# [MATERIAL SUPPLIED]
BEGIN

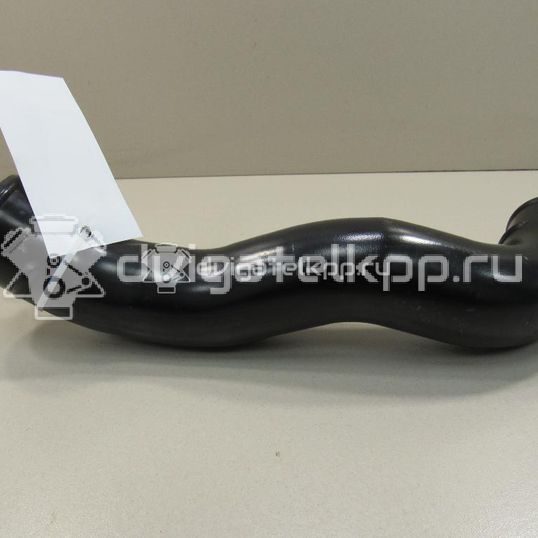 Фото Патрубок интеркулера  281664a421 для Hyundai / Kia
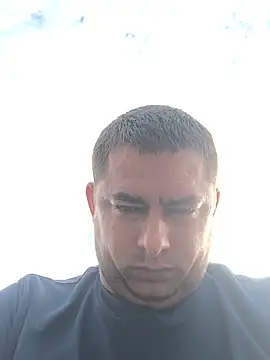 szymi24 online show from June 18, 2026, 4:12 pm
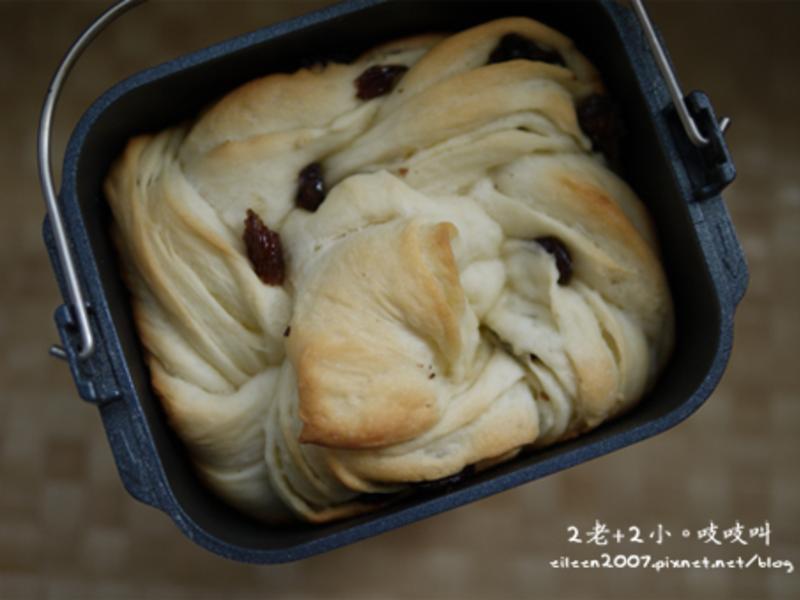 ��ʽ����������˾������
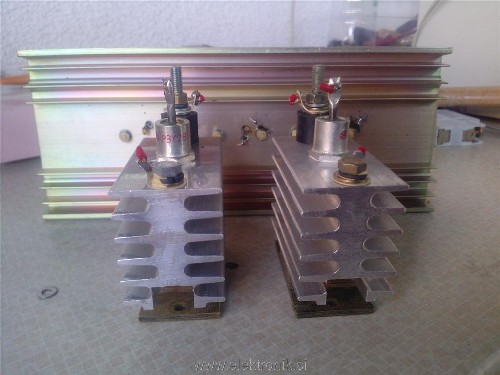DCIM0072 (Medium).jpg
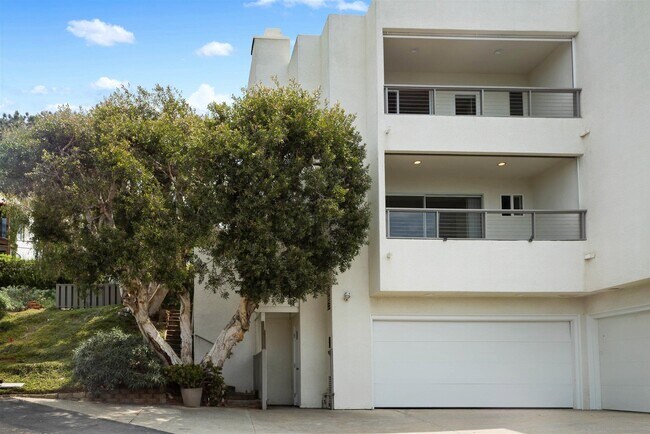 Foto del edificio - 1618 Haydn Dr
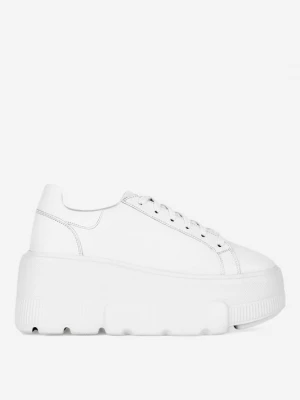 Obrázek produktu Sneakersy Badura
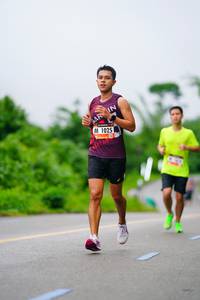 BIB: 1025
                            <button type="button" onclick="openModal(5757967)" class="btn btn-primary btn-sm float-right btn-popup" data-toggle="modal" data-target=".modal-high-quality">
                        <i class="fas fa-shopping-cart"></i> Add to Cart
                    </button>
                                            <button type="button" onclick="isThisMe(5757967, true)" class="btn btn-success btn-sm float-right btn-popup btn-isme hidden" data-toggle="tooltip" data-placement="bottom" title="นี่คือรูปของคุณใช่ไหม คลิกที่นี่เพื่อเอาเข้าอัลบั้ม">
                        <i class="fas fa-plus"></i> Add to album
                    </button>
                    <button type="button" onclick="isThisMe(5757967, false)" class="btn btn-warning btn-sm float-right btn-popup btn-isnotme hidden">
                        <i class="fas fa-ban"></i> Remove from album
                    </button>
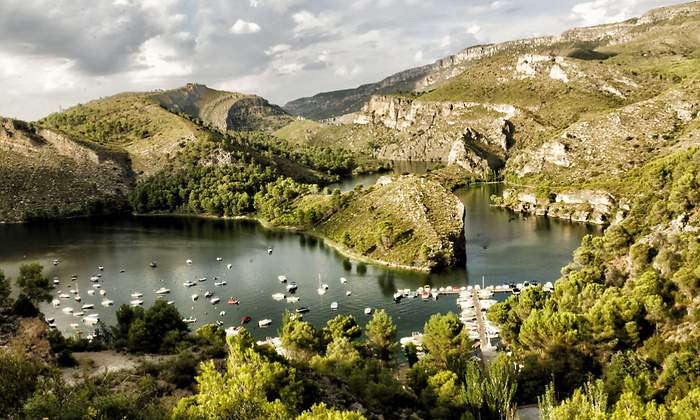 playa-bolarque.jpg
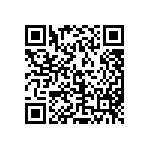 D38999-20KG16PN-LC QRCode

END

When copying the listing above, begin at its first line and stop after the line with "Remove from album", keeping each line exact and dropping the pictures.

 Фото Патрубок интеркулера  281664a421 для Hyundai / Kia
 szymi24 online show from June 18, 2026, 4:12 pm
 ��ʽ����������˾������
DCIM0072 (Medium).jpg
 Foto del edificio - 1618 Haydn Dr
 Obrázek produktu Sneakersy Badura
 BIB: 1025
                            <button type="button" onclick="openModal(5757967)" class="btn btn-primary btn-sm float-right btn-popup" data-toggle="modal" data-target=".modal-high-quality">
                        <i class="fas fa-shopping-cart"></i> Add to Cart
                    </button>
                                            <button type="button" onclick="isThisMe(5757967, true)" class="btn btn-success btn-sm float-right btn-popup btn-isme hidden" data-toggle="tooltip" data-placement="bottom" title="นี่คือรูปของคุณใช่ไหม คลิกที่นี่เพื่อเอาเข้าอัลบั้ม">
                        <i class="fas fa-plus"></i> Add to album
                    </button>
                    <button type="button" onclick="isThisMe(5757967, false)" class="btn btn-warning btn-sm float-right btn-popup btn-isnotme hidden">
                        <i class="fas fa-ban"></i> Remove from album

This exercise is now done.